Adams unveils Cuba memorial to Bobby Sands
Former MP Bobby Sands and nine republican hunger strikers gave their lives 20 years ago because they believed in the right of the people of Ireland to shape their own destiny, Sinn Fein president Gerry Adams said today.
The West Belfast MP said at the unveiling of a memorial in the Cuban capital Havana that former Prime Minister Margaret Thatcher’s government had sought to deny the ideal of justice, equality, freedom and the national right for self determination.
Mr Adams, who later met Cuban President Fidel Castro in Havana, paid a tribute in his speech to about 100 hunger strikers whose names were inscribed on the marble memorial. He said: ‘‘You have to ask what were the hunger strikes in Ireland about?
‘‘They were of course about the prison conditions in Armagh women’s prison and the H Block of Long Kesh.
‘‘They were about the denial of human rights to those prisoners and their families and friends and of course those are important fundamental issues.
‘‘But mostly what the hunger strike was about can only be understood in the context of understanding the human spirit, about how the human spirit when taken by an ideal or idea or objective can rise above itself and how the human spirit in raising itself can do mighty, unimaginable and courageous things.’’
The Sinn Fein leader claimed the hunger strikers and other republican prisoners shared the same goal.
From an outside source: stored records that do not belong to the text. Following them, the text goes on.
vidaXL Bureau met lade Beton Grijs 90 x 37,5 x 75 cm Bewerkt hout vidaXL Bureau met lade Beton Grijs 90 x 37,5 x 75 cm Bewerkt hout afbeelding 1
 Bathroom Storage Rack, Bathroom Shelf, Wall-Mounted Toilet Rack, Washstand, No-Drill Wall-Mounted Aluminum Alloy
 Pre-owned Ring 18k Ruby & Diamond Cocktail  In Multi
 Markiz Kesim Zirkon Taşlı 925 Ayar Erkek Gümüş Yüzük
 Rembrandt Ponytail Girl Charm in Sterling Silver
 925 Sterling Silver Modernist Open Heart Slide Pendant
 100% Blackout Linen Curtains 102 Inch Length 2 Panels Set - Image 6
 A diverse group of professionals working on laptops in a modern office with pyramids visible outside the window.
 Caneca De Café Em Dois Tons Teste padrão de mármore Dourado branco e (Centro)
‘‘They believed in freedom, they believed in independence and they believed in the right of the people of Ireland to shape our own destiny in our own way,’’ he said.
‘‘It was that idea, that idea of justice, equality and freedom, of the human rights to national of determination which the Thatcher government sought to destroy.
‘‘That is why not just because of the unimaginable sacrifice of the prisoners but because of their ideals why you people here in Cuba are so touched by what happened.
‘‘It is why we who have come from Ireland are so touched that you people here remember, as we remember, that terrible dark summer of 1981.’’
A military colour party greeted the Sinn Fein leader and his entourage as they arrived in a public park for the unveiling of the memorial.
Recordings of the Cuban and Irish national anthems were played followed by the laying of a wreath by Mr Adams and the Cuban soldiers.
The Sinn Fein president also met local schoolchildren and mingled with Cubans and Irish expatriates who gathered for the ceremony.
Mr Adams met President Castro after visiting a social workers training college and delivering a keynote address at the Cuban Institute For the Friendship of the Peoples.